8a0946dd6870f10cde056ba243f1fb4ec1fd16b4
angie
  Thu Feb 27 11:58:33 2014 -0800
Adding support for plain VCF custom tracks (as opposed to VCF+tabix),since users seem to want to upload VCF, and as long as the file is
not too big it will work OK.  This means adding a new track type
vcf (as opposed to vcfTabix) and supporting it in hgTracks, hgTrackUi,
hgc, hgTables and hgVai.  (and others I've forgotten?)
refs #12416

diff --git src/hg/hgTables/vcf.c src/hg/hgTables/vcf.c
index 524fe02..d1e4b1e 100644
--- src/hg/hgTables/vcf.c
+++ src/hg/hgTables/vcf.c
@@ -7,55 +7,67 @@
 #include "asParse.h"
 #include "hgBam.h"
 #include "linefile.h"
 #include "localmem.h"
 #include "obscure.h"
 #include "vcf.h"
 #include "web.h"
 
 #if (defined USE_TABIX && defined KNETFILE_HOOKS)
 #include "knetUdc.h"
 #include "udc.h"
 #endif//def USE_TABIX && KNETFILE_HOOKS
 
 #define VCFDATALINE_NUM_COLS 10
 
-boolean isVcfTable(char *table)
-/* Return TRUE if table corresponds to a VCF file. */
+boolean isVcfTable(char *table, boolean *retIsTabix)
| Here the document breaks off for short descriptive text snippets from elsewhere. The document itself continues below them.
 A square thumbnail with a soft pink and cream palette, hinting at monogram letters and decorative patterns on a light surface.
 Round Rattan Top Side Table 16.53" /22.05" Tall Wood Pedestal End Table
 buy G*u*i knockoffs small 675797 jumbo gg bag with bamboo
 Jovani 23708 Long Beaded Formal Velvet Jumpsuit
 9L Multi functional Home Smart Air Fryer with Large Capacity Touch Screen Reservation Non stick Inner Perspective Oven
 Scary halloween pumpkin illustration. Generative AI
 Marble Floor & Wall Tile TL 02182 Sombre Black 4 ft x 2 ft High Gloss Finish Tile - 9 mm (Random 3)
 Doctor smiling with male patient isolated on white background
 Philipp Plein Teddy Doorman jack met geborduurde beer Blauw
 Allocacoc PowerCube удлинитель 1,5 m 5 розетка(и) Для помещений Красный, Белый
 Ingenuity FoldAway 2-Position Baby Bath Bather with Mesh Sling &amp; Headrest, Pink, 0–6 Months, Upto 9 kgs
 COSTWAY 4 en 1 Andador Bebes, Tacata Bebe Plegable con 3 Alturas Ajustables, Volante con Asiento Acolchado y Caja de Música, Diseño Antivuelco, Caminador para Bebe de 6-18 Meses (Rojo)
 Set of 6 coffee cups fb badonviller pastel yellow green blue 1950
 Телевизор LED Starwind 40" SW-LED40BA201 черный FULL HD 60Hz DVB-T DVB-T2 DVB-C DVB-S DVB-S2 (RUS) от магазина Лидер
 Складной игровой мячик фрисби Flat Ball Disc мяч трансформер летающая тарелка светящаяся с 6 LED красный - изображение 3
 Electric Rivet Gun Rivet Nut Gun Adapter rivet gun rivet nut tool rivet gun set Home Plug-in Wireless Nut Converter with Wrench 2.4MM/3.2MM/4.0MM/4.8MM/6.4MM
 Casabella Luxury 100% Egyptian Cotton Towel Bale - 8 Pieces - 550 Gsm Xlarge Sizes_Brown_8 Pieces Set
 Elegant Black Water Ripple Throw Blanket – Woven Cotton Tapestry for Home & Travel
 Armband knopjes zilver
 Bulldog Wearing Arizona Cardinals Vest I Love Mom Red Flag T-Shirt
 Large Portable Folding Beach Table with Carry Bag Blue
+/* Return TRUE if table corresponds to a VCF file. 
+ * If retIsTabix is non-NULL, set *retIsTabix to TRUE if this is vcfTabix (not just vcf). */
 {
+boolean isVcfTabix = FALSE, isVcf = FALSE;
 struct trackDb *tdb = hashFindVal(fullTableToTdbHash, table);
 if (tdb)
-    return tdbIsVcf(tdb);
+    {
+    isVcfTabix = startsWithWord("vcfTabix", tdb->type);
+    isVcf = startsWithWord("vcf", tdb->type);
+    }
 else
-    return trackIsType(database, table, curTrack, "vcfTabix", ctLookupName);
+    {
+    isVcfTabix = trackIsType(database, table, curTrack, "vcfTabix", ctLookupName);
+    if (!isVcfTabix)
+	isVcf = trackIsType(database, table, curTrack, "vcf", ctLookupName);
+    }
+if (retIsTabix)
+    *retIsTabix = isVcfTabix;
+return (isVcfTabix || isVcf);
 }
 
-struct hTableInfo *vcfToHti(char *table)
+struct hTableInfo *vcfToHti(char *table, boolean isTabix)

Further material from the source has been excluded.